What does error mean in machine learning?
Error (training error, validation error and test error they are all related to the same dataset): in machine learning the word error means the distance between what the model says and what is real. The model estimates an aspect of the real world, and this cannot be done with perfect accuracy. The error can be made because of noise (that is natural or unexplained variation), or because there are too bias or to variances. Having the right Bias-Variance trade-off helps to reduce the error. Bias-Variance trade-off means to find the right measure of Bias and Variance in the model. Bias is an error from assumptions made by a model and having a high-bias means that the model is really generic and not accurate/flexible, the model is underfitting.
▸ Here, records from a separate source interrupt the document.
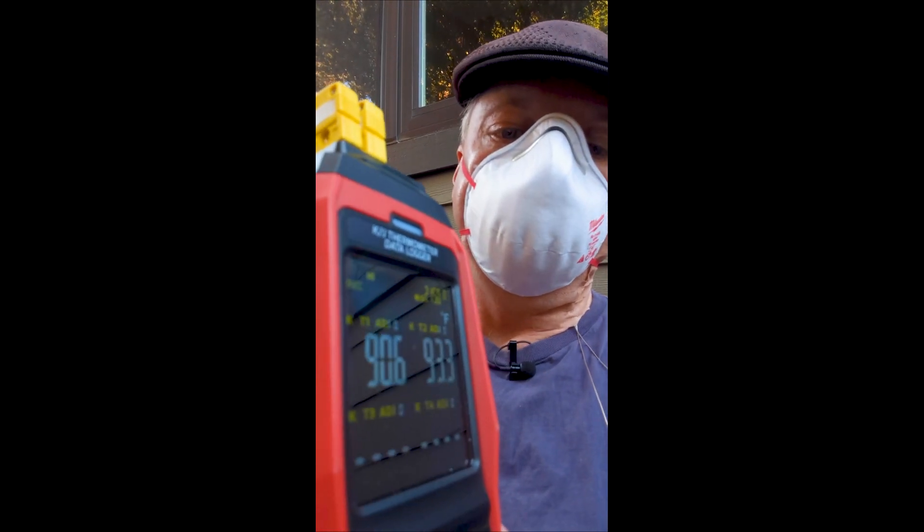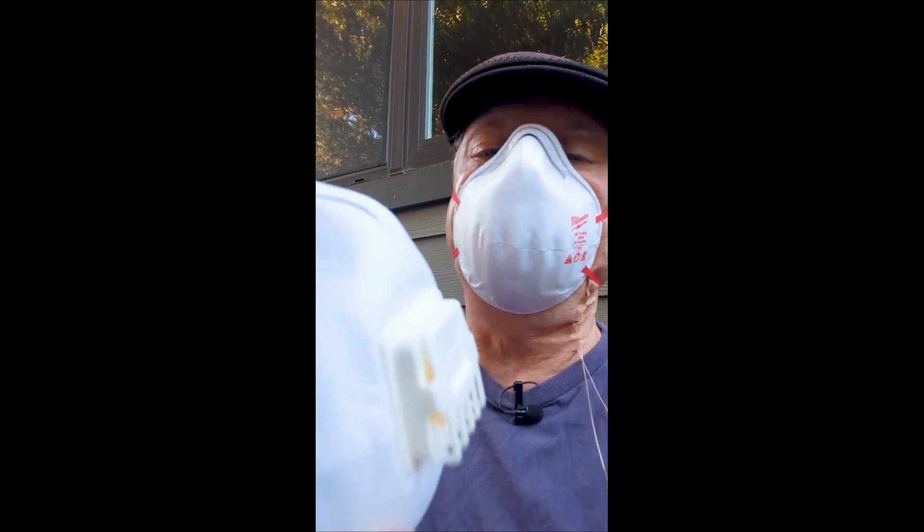All right, so this is the valveless mask. Is it actually 10 degrees hotter than this mask? No. It's only three degrees hotter than ambient temperature, so this mask can't be 10 degrees cooler than a mask that's only three degrees above ambient.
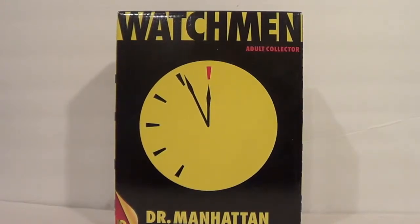Hello YouTube, you're back with another Kicking Action Figure Review. Today I have one I never thought I'd really actually end up picking up — it is the Watchmen Adult Collector Dr. Manhattan figure from Mattel. This was a Mattel shop exclusive.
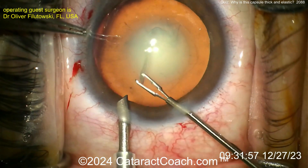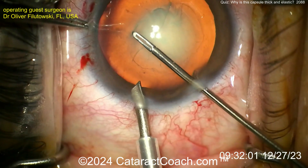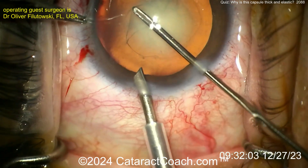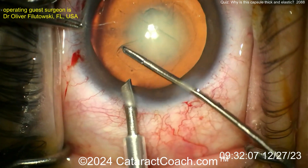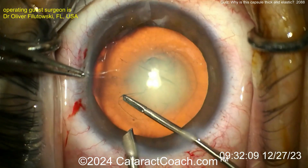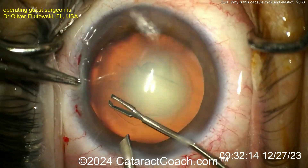It has a resistance there — it seems very elastic and very thick. It would have been nice to have the AC full of viscoelastic, as well as having the anterior lens capsule stained with trypan blue. As you know, trypan blue not only stains the capsule but also makes it less elastic. Watch as the rhexis continues — it's just a strange-behaving tissue.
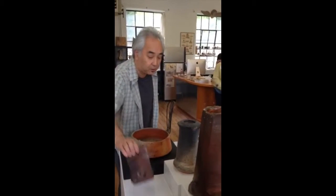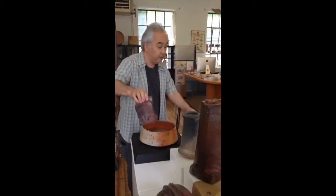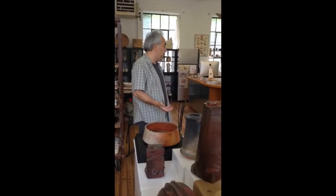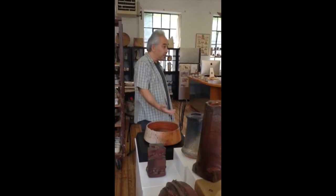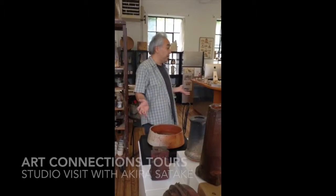Each kind of clay — for example, this is clay with much more iron in it, and less iron. A lot of stuff I make myself, or sometimes I dig from the ground and mix with something. That's woodpiling.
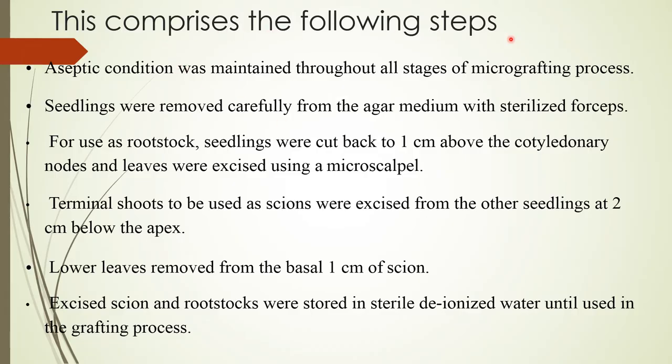The process comprises the following steps: Aseptic conditions were maintained throughout all stages of the micro-grafting process. Seedlings were removed carefully from agar medium with sterilized forceps. For use as rootstock, seedlings were cut back to one centimeter above the cotyledonary nodes and leaves were excised using a micro-scalpel.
Variance is an error from sensitivity and variability inside the training data that the model tries to predict; having a high-variance, means that the model is really accurate and not generic, the model is overfitting.
K-Fold cross-validation: it is a technique to have a pretty fair level of accuracy as the test is made K time and the average performance is given as a result. Data are split into K subsets; the training data are K-1 of them, and the validation data are the last 1. This operation is repeated each time with a different combination of K-1 and 1 data.
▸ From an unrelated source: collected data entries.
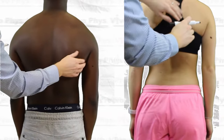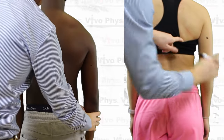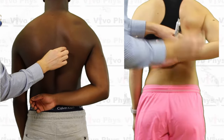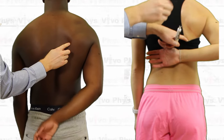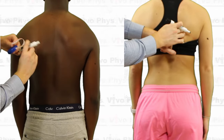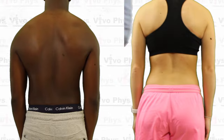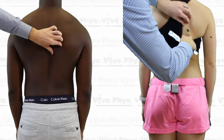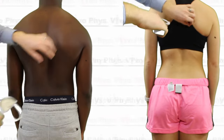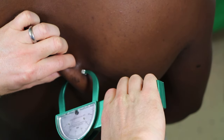In order to do the subscapular skin fold site, go to the back of the individual and look at the right side of their back. You're looking for the point of the scapula where the medial border near the spine and the inferior border of the scapula meet. If you're having difficulty feeling that border, have the person take the right arm and put it back behind their back — that's going to force the scapula to go out towards you. Make sure though that you have the person relax their arm back down and trace with your fingers as the scapula moves back to its resting position. Once you find the appropriate site on the scapula, go about one inch or two centimeters down and out away from it in a diagonal fashion — that's where the skin fold site is going to be, and this is a diagonal skin fold.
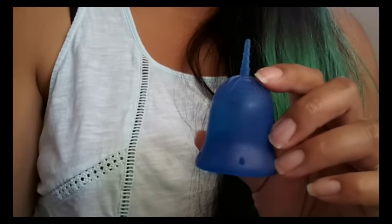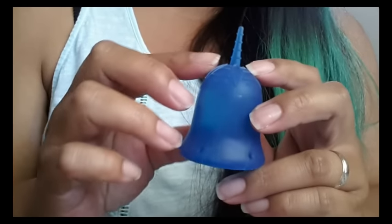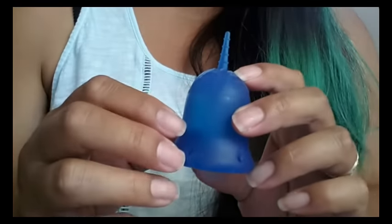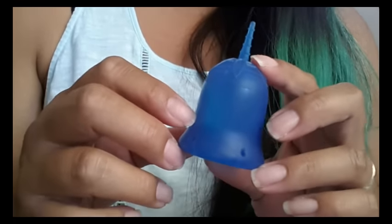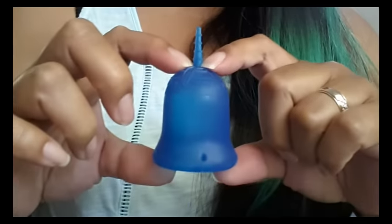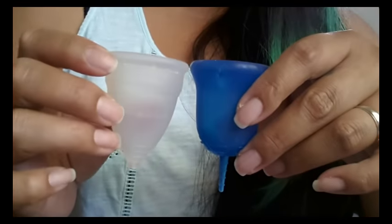I have the size 2 with me today, which is the larger of the two sizes they offer. They do have guidelines on their website to help figure out which cup is right for you — things like if you've given vaginal birth, if you're sexually active, and so on. The size 2 is 50 milliliters high, that's 2 inches, and it holds 30 milliliters of fluid to the top of the rim, which is 1 ounce. It's the same capacity as the Diva Cup.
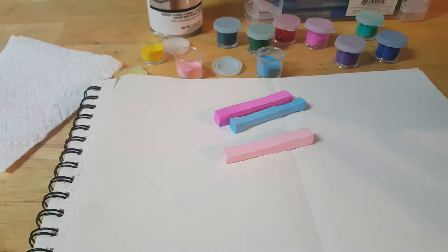Hi everyone, Jalapeno Gal back with another video. I recently did a video on the different mediums like fineliners and pastels that I use when I color, so you can go check that out. I touched a little bit at the end on chalk pastels, and a lady asked me to show how I shave them.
Outliers: this is a small number of continuous numeric values that do not agree with the other because they are much smaller or bigger.
Minority values: this is the correspondent of outliers for the numeric discrete, values that rarely appear in the data.
Hyperparameter: properties of the model that controls the learning process. A hyperparameter influences the process of estimating the parameters.
Data mining: the transformation of large amounts of data into meaningful patterns and rules.